Fault
The Zisson Interact platform was unstable, problems with call handling, logging on/off queues.
Description
The Zisson Interact platform consists of numerous microservices hosted in a modern datacenter private
cloud environment with redundant networking equipment on multiple physical locations in Oslo, Norway.
When
This incident occurred on Tuesday 30. January from 10:30 until 11:50.
What happened
On Tuesday 30. January at 10:30 Zisson received alerts from our internal monitoring system and soon after from customers that they were missing number of agents and number in queues was missing in Zisson Interact. A war room was established with key people, and we started to investigate the problems that was reported by customers. Zisson Interact platform consists of numerous microservices, and some of these were experiencing unusually high loads. Despite the efforts of multiple technicians, the root cause of this issue remained elusive. Attempts were made to restart these components, but they returned with the same high load. Our technicians moved the most important microservices to mirrored server and those worked again as normal. Our operations partner was contacted, and they initiated troubleshooting. They discovered a fault in the storage unit utilized by one of their ESXi hosts. Subsequently, they relocated the 7 servers affected by this host to another one, and the platform started recovering.
Root cause
This issue was caused by a certificate after a certificate change for redundant storage infrastructure in Intility “In Cloud platform”. Please read Intility’s report below for more details.
What have we done:
The incident got resolved on Tuesday 30. January at 11:50 by moving our servers into another ESXi host.
What are we doing:
Intility Report below:
Intility experienced an issue on parts of the central compute platform on Tuesday, January 30, 2024.

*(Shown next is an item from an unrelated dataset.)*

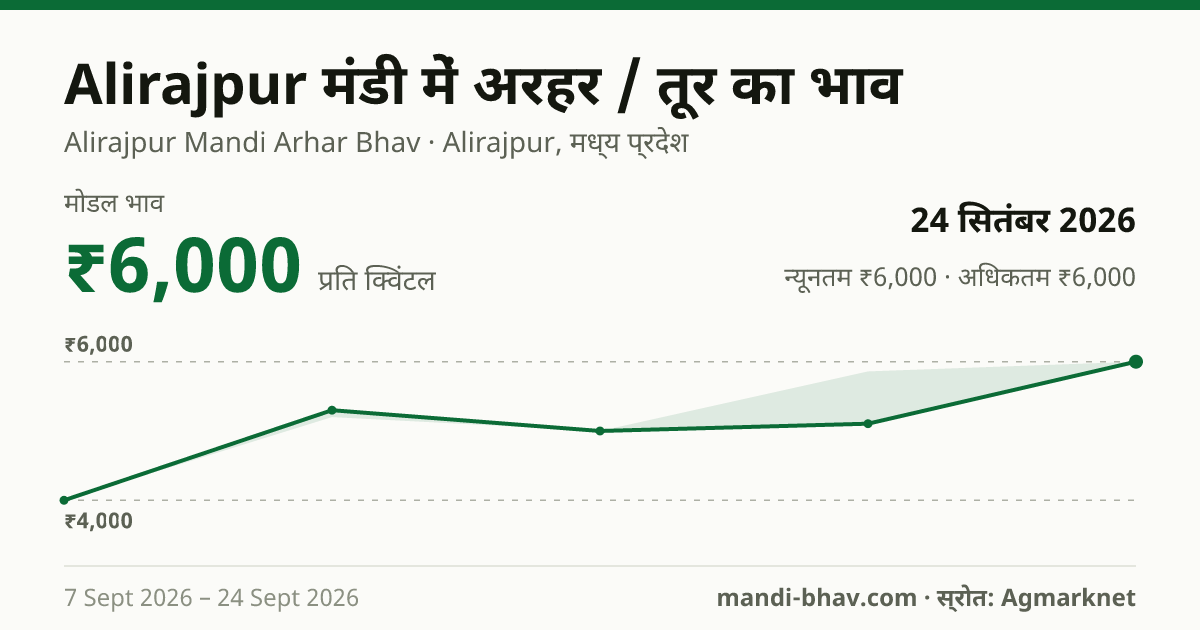 Alirajpur मंडी में अरहर / तूर का भाव 24 सितंबर 2026: मोडल ₹6,000 प्रति क्विंटल, भाव के रुझान का चार्ट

User impact and scope of impact
The incident resulted from significant overallocation of CPU and memory resources on the ESXi host, which led to performance degradation and subsequent service unavailability on the affected virtual machines. Totally 151 VM-s were affected by the incident.
Incident start date and time
Tuesday, January 30, 2024, at 10:14.
Incident end date and time
Tuesday, January 30, 2024, at 11:45.
Total incident time
1 hour and 31 minutes.
Cause of events
The issue was caused by a certificate issue after a certificate change for redundant storage infrastructure. The relevant part of central compute infrastructure did not trust the new storage certificate, causing the relevant hosts to initiate a High Availability (HA) migration of affected virtual machines (VM-s) to other parts of the compute platform. This unexpected HA failover of VM-s resulted in overallocation of CPU and memory resources. The issue was resolved by performing a manual refresh on certifications for all affected hosts, and affected virtual machines functioned normally after live migration over to the now healthy hosts.
Measures
To minimize the risk of similar incidents in the future, Intility will implement the following measures:
Sequence of events
Tuesday, January 30, 2024:
• 10:14: Intility performs a certification change for redundant infrastructure on the central compute platform.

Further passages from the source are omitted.